Depuis 2017, les marchés financiers se montrent particulièrement volatils, et la tendance devrait se poursuivre en 2019. Pourquoi les hausses succèdent ainsi aux baisses, et inversement, dans de tels laps de temps ? Patrick Artus analyse les différentes raisons objectives des phases d’enthousiasmes et de déprime des investisseurs.
Quand on regarde l’évolution des indices boursiers dans la période récente, on observe une forte progression du début de 2017 au début de 2018, puis un recul au 1er trimestre 2018 ; un redressement jusqu’à la fin de l’été 2018, puis une chute de l’été 2018 à la fin de l’année 2018 ; le début d’une amélioration en janvier 2019. La valorisation des actions américaines (par exemple), le PER sur les résultats de l’année suivante sur le S&P passe de 17,2 au début de 2017 à 20,1 à la fin de 2017 ; il tombe à 16,5 au printemps 2018, remonte à 18,3 à l’été 2018, avant de s’effondrer à 14,2 à la fin de l’année 2018 et de revenir à 15,5 au milieu de 2019.
On voit donc une variabilité impressionnante de la valorisation des actions et des cours boursiers ; elle peut avoir des effets très négatifs, en décourageant les investisseurs de détenir des actions cotées, donc en contribuant à la désaffection pour les actions et à la contraction de l’usage des actions cotées pour financer l’économie.
Peut-on comprendre ces variabilités considérables des indices boursiers, cette alternance de période d’euphorie et de périodes de dépression sur les marchés d’actions ?
Nous voyons quatre explications.
La première est que les marchés d’actions ont été soutenus à la fin de 2017 et au début de 2018 par l’annonce de la baisse de la taxation des profits et de l’incitation à rapatrier les profits détenus à l’étranger aux Etats-Unis. Ces mesures ont accru la profitabilité des entreprises américaines et ont conduit à des rachats d’actions considérables aux Etats-Unis (1000 milliards de dollars en 2018), ce qui a soutenu les cours boursiers quand ces mesures ont été annoncées. Mais il s’agit de mesures efficaces une seule fois, non répétables, qui ne poussent à la hausse que transitoirement les indices boursiers.
La seconde explication est la réelle incertitude qui existe sur les perspectives de croissance et de taux d’intérêt. Normalement, à la fin d’une période d’expansion, il apparaît une récession ; mais aujourd’hui, il semblerait qu’on s’oriente plutôt vers un scénario de soft landing, de passage à une croissance régulière un peu plus faible, aucun des mécanismes qui déclenchent usuellement une récession (inflation, bulles sur les prix des actifs, recul de la profitabilité des entreprises, hausse des taux de défaut des ménages et des entreprises) n’étant présent.

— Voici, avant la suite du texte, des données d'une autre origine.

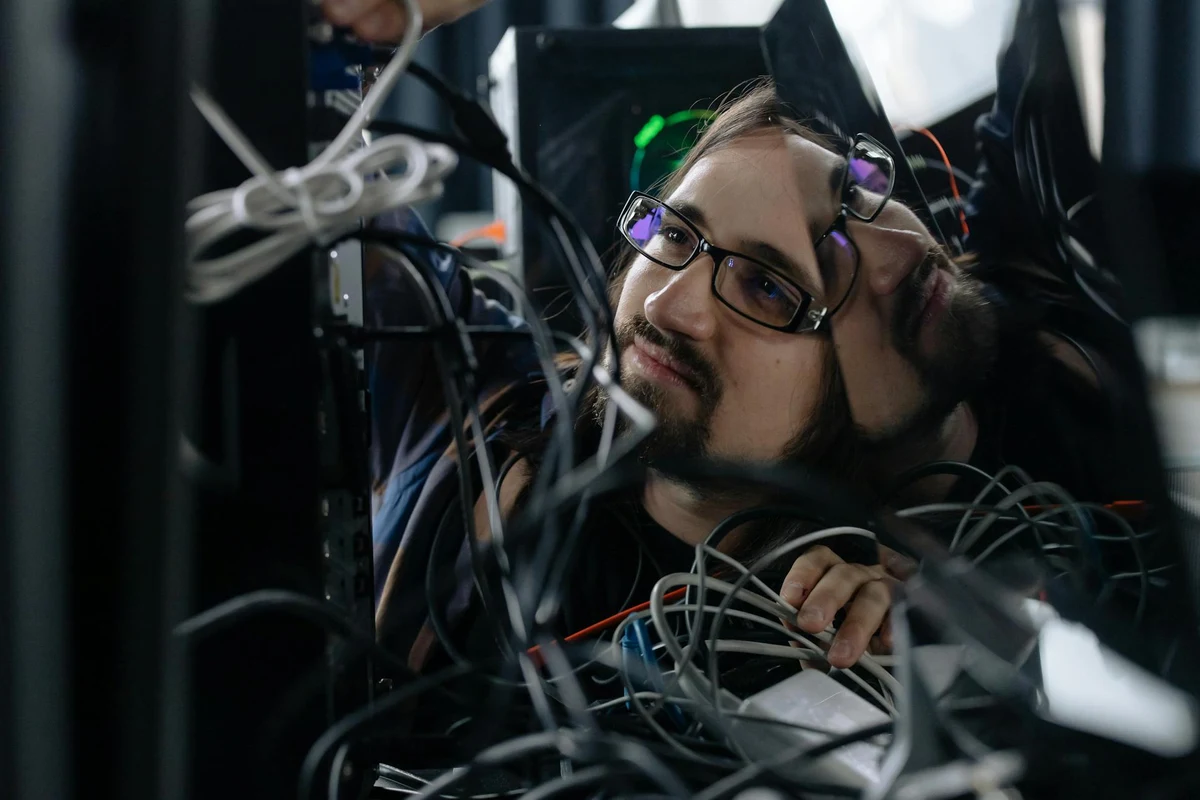 Exicomm technician performing in-home diagnostics on electronics equipment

Les investisseurs peuvent cependant douter de la pertinence du scénario de soft landing, et périodiquement revenir à un scénario de récession. De plus, l’incertitude a concerné aussi la politique monétaire, en particulier aux Etats-Unis : en janvier 2017, les investisseurs pensent que la Réserve Fédérale va monter le taux d’intérêt des Fed Funds à 2% à la fin de 2019 ; en août 2017, c’est 1,75% ; en octobre 2018, c’est 3,25%, et enfin en janvier 2019, c’est 2,50%. L’oscillation des anticipations de croissance et de taux d’intérêt explique celle des indices boursiers.
La troisième explication est la présence de risques difficiles à évaluer dans leurs effets : la guerre commerciale entre les Etats-Unis et la Chine, le Brexit, la crise italienne, les sanctions contre la Russie, l’Iran…
La quatrième explication enfin est liée aux comportements des investisseurs : leur mimétisme amplifie les mouvements à la hausse ou à la baisse des indices boursiers, ce mimétisme résultant de l’utilisation de limite de volatilité ou de pertes, du développement des gestions passives (ETF), du trading algorithmique…
Il existe donc de nombreuses raisons (véritables incertitudes macroéconomiques, mesures transitoires de soutien des marchés, inquiétudes géopolitiques, mimétisme des investisseurs) qui aboutissent à une volatilité très forte des indices boursiers.